Ocuk aren't exclusively stocking this stepping,it's the newer version of the quad and all etailers will be stocking it once B3 stocks are exhausted,don't be suckered into an extra tenner from this lot,wait a while and the market will be flooded with 'em,some good some crap,same as ever!

They can't guarantee a good clocker without first sticking it in a system and spending time tweaking it.
 
Rojin said:
Just sounds like you are defending your purchase tbh. Overclockers always go for the low power versions as they pretty much always clock better than standard desktop chips. This is the way it has always been , this is nothing new... :rolleyes:


overclockers hear/see low power chips and, theres results for like 4 chips on xtreme, with like 2 threads at 10pages long with everyone claiming they are great. like this thread.

overclockers hear lowpower/mobile/xeon/opteron and they go out in masses and buy only those chips. this is the reason you see so many good results for the chips, but the thing in common is the 10 page long threads claiming how great they are, before anyone has them. people are convinced of it, and no one buys other chips whatever results the hyped chips get become "great" without anything to compare it too.
 
easyrider said:
Please..


Retail chips don't come in individual boxes.

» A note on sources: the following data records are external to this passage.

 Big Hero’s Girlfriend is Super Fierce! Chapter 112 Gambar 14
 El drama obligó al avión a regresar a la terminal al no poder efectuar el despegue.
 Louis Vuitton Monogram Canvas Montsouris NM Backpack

They come in big brown boxes on pallets.

with the batch on the sticker on the outside of the box FFS


don't be so naive....
You crack me up, always so literal. Read it again. I was being flippant, you know sarcastic, a deliberate simplification to illustrate a point? Jez, there is no need for the tone.

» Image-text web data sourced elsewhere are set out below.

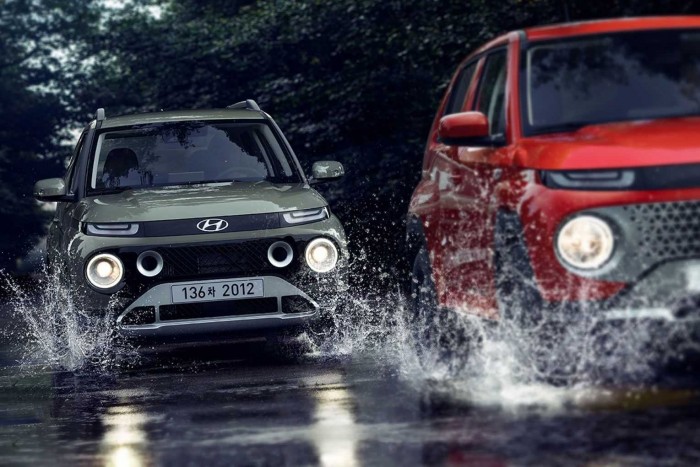 Igazi szerelemgyerek a Hyundai Casper 5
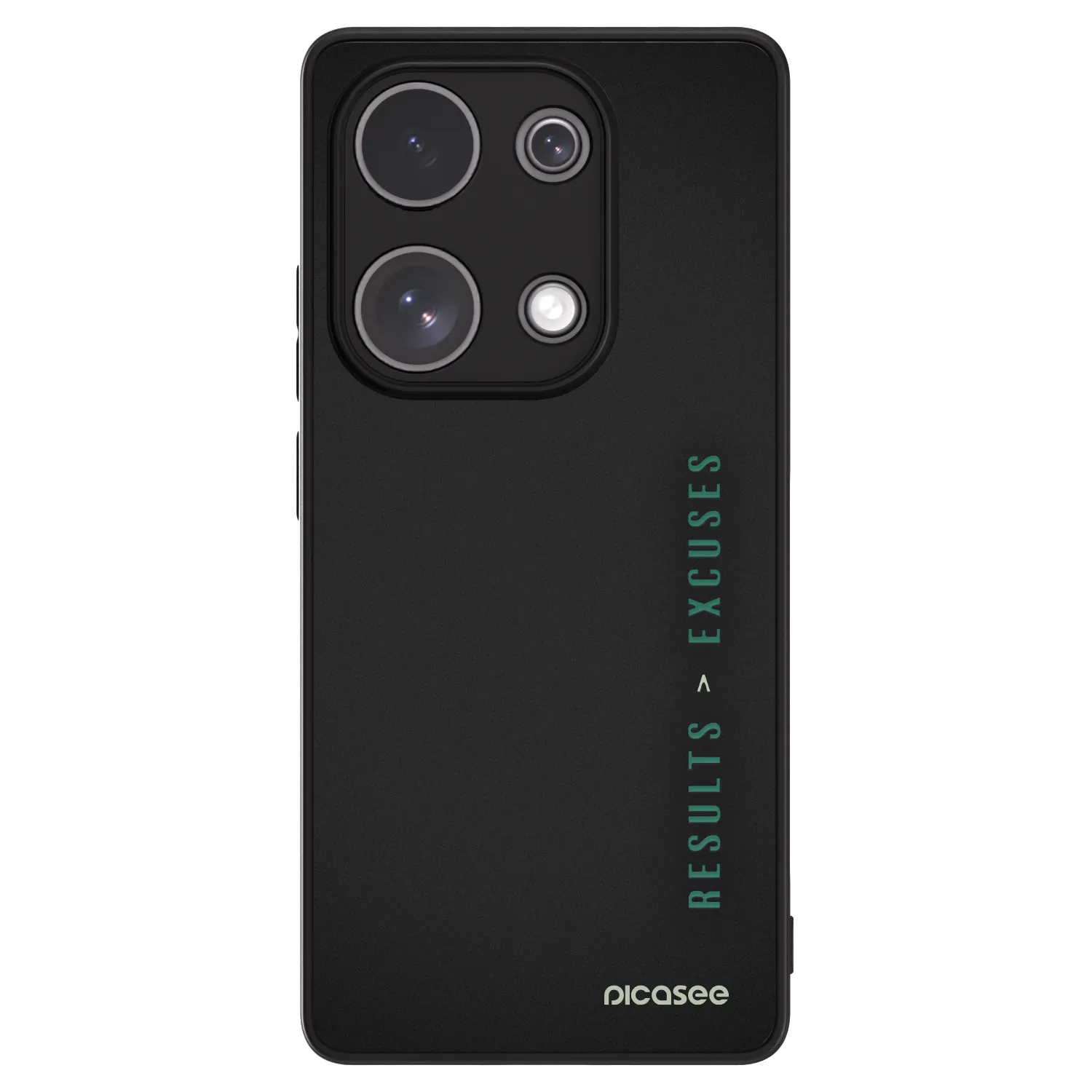 Picasee ULTIMATE CASE Xiaomi Redmi Note 13 Pro 4G - készülékre - Results x Excuses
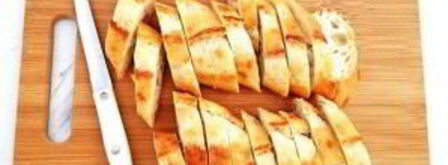 горячие бутерброды с курицей и беконом. Шаг 3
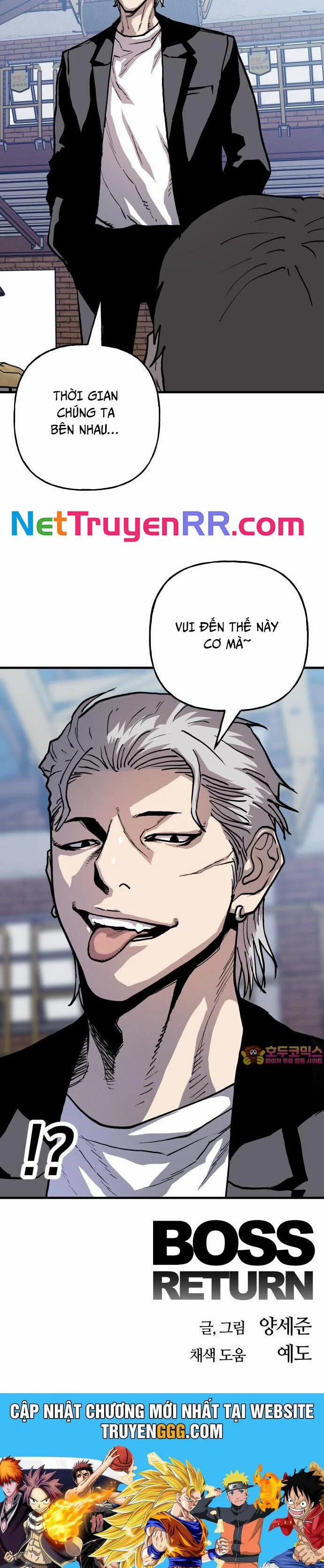 Ông Trùm Trở Lại 63 trang 36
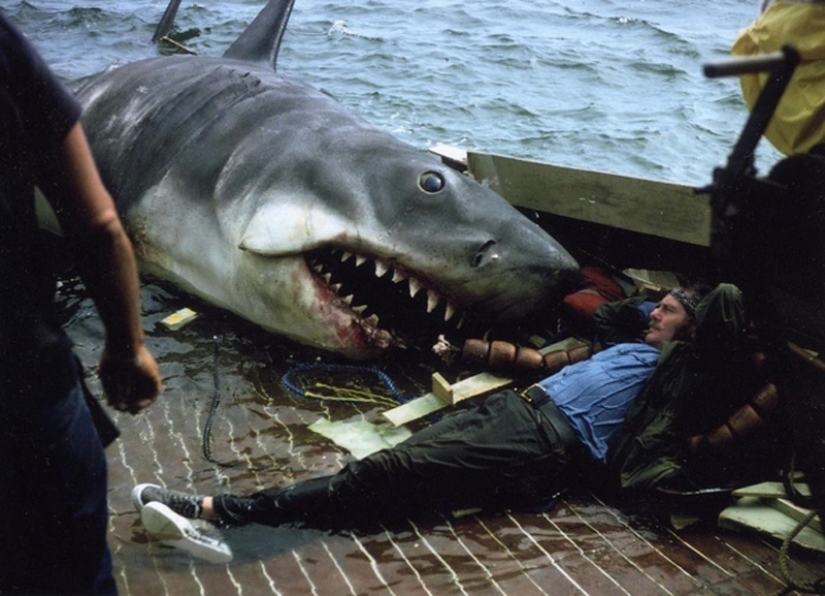 Behind the scenes of famous thrillers and horror films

But my point exactly, the SKU is on the consignment note, there is very little effort to scanning a bar code and allocating stock. Sorting the correct part numbers is no effort, no more than any two product. Lol, I've actually installed and designed dynamic POS/ISC systems. I have the slightest inkling on how they work thank you. I still think if a large firm want to charge a premium for a guaranteed anything then people will pay.